How much does experience count for, in the world of horse racing?

[Benter][1] found that "number of past races" was one of the more significant factors in his handicapping model, and contributed greatly to the overall accuracy of his model's predictions.

This quick and dirty study aims to explore and validate this claim, using data from horse racing in Hong Kong, which was the same location as Benter ran his extremely successful betting operation from.

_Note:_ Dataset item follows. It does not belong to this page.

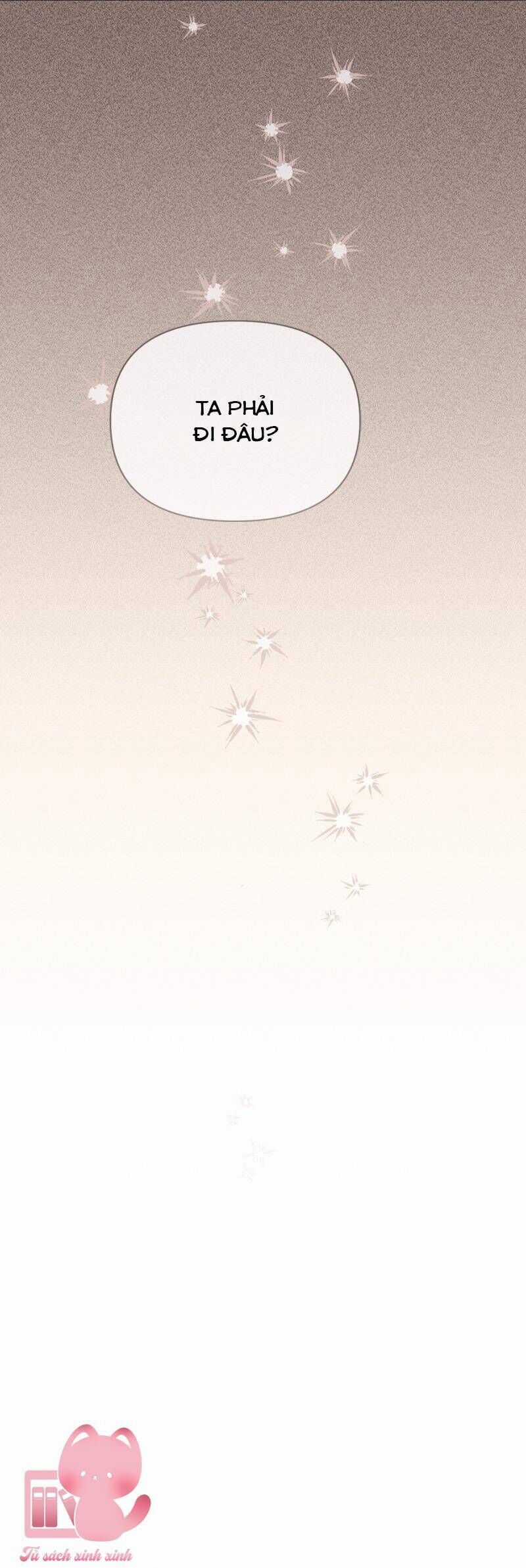 Hoàng Hậu Tái Hôn Chương 202 trang 5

  [1]: https://www.scribd.com/doc/166556276/Benter

## Firstly, load the data

In [None]:
%matplotlib inline
import pandas as pd
import numpy as np
import matplotlib.pyplot as plt

# Set some Pandas options
pd.set_option('max_columns', 30)
pd.set_option('max_rows', 20)

# Read the horse run data
df_runs = pd.read_csv('../input/runs.csv')
df_runs.head()

In [None]:
# We'll also need to get the race data
df_races = pd.read_csv('../input/races.csv', parse_dates=['date']).set_index('race_id')
df_races.head()

## Search for previous runs of each horse

In [None]:
# Group horse runs by horse
df_horse_runs = df_runs.groupby('horse_id')

In [None]:
# Find the number of previous runs for a horse
def number_of_previous(horse_id, race_date):
    this_horse_runs = df_horse_runs.get_group(horse_id)
    return len(this_horse_runs[this_horse_runs['date'] < race_date])

In [None]:
df_runs['date'] = df_runs.apply(lambda run: df_races.loc[run['race_id'], 'date'], axis=1)
df_runs['no_previous'] = df_runs.apply(lambda run: number_of_previous(run['horse_id'], run['date']), axis=1)
df_runs[['race_id', 'date', 'horse_no', 'horse_id', 'no_previous']].iloc[1000:1005]

## Analysis

Now that we know the number of previous runs of each horse, let's see how this is related to the number of wins.

In [None]:
runs_vs_wins = df_runs.groupby('no_previous')['won'].sum()
runs_vs_wins.plot()

At first sight, the above would seem to validate our hypothesis, albeit in a negative way. Experience does indeed count... **against** horses, it seems!

The problem with this is that we have only looked at the total number of wins in each experience group. We also need to consider the number of horses in each group, and it turns out that there are far fewer experienced horses than inexperienced ones.

In [None]:
experience = df_runs.groupby('no_previous').size()
experience.plot()

Looking at the strike rate in each experience group produces a slightly more accurate picture.

In [None]:
strike_rate_vs_wins = df_runs.groupby('no_previous')['won'].mean()
strike_rate_vs_wins.plot()

From the above, we can now conclude the following:

 - Strike rate only increases until the horse has had approximately 10 races, then gradually tapers off.

 - Few horses remain in service after 40 races, but these are most likely the cream of the crop, which would explain why some above this level of experience are outliers and have spikes of much higher strike rates.

## Conclusion

For horses, there is no simple linear relationship between experience and success. While some will enjoy great success well into the twilight of their careers, most will likely fade away and retire early.